The central bank met analysts’ expectations by maintaining the federal funds rate in the 3.5 to 3.75 percent range. After three consecutive cuts at the end of 2025, the Fed decided to hold the line on interest rates. The board welcomed some positive signs of stabilization in the US economy, but has decided to take a “wait-and-see” approach.

The Fed has a dual mandate to promote maximum employment and price stability.

For several months now, its Board of Governors has been split between those concerned with preventing a further slowdown in the US labor market and those fearing the fight against inflation is far from over.

The Fed’s preferred inflation metric, the Personal Consumption Expenditures (PCE) price index, came in above the 2 percent target, landing at 2.8 percent for November 2025. Meanwhile, Bureau of Labor Statistics data shows that the US economy added a modest 50,000 jobs in December 2025 compared to 56,000 jobs added in the previous month.

A weak labor market in the face of entrenched inflation has left the Fed in a pickle.

Lowering rates in turn lowers the cost of borrowing, which can provide businesses with more runway to grow their workforce. However, increasing available money supply by easing access to borrowing can also increase inflation.

The split between doves and hawks that began in late 2025 is still plaguing the Fed into the new year, which promises to see current Chair Jerome Powell replaced with someone more likely to be on board with the much lower rate environment desired by the Trump administration. Two Fed board members cast dissenting votes against holding rates steady, including Governor Stephen Miran and Governor Christopher Waller, who both pushed for a 0.25 percent cut.

“Economic activity has been expanding at a solid pace,” explained the Fed. “Job gains have remained low, and the unemployment rate has shown some signs of stabilization. Inflation remains somewhat elevated.”

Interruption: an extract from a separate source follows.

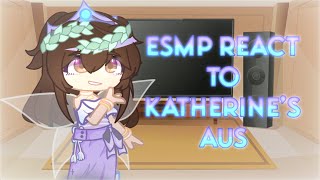 Empires SMP react to Katherine’s AUs! || Empires SMP Gacha || (Mostly OG AUs)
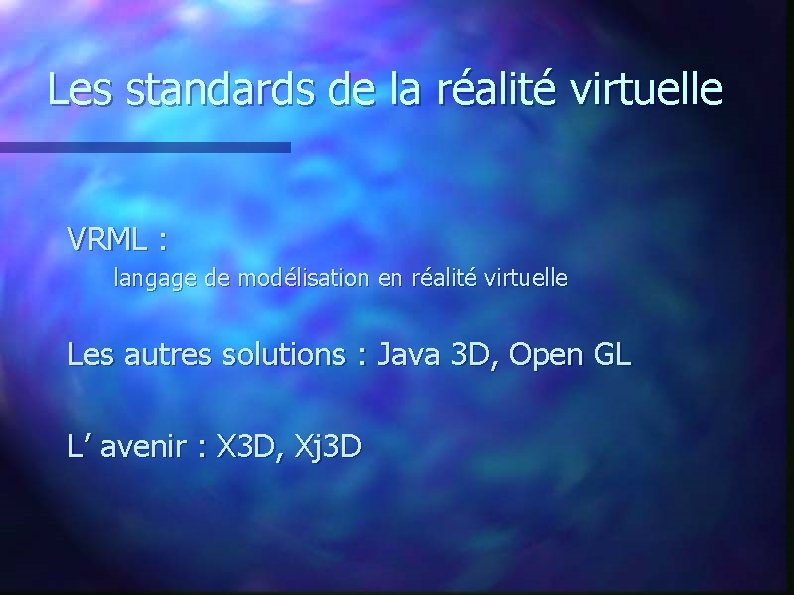 Les standards de la réalité virtuelle VRML : langage de modélisation en réalité virtuelle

The unemployment rate ended 2025 at 4.4 percent. While that’s historically low, data also shows limited job vacancies, and low rates of new hiring. Business Insider reporter Madison Hoff notes that economists are calling this a “low-fire, low-hire environment” due to uncertainty over where the economy is headed.

“It’s likely Fed leaders will stick to the status quo in January, in hopes that steady rates will push inflation closer to their 2% goal,” she wrote. “Affordability is a major concern for American households, as prices rise on housing, groceries, healthcare, and more. Powell has consistently prioritized price stability during his time as chair.”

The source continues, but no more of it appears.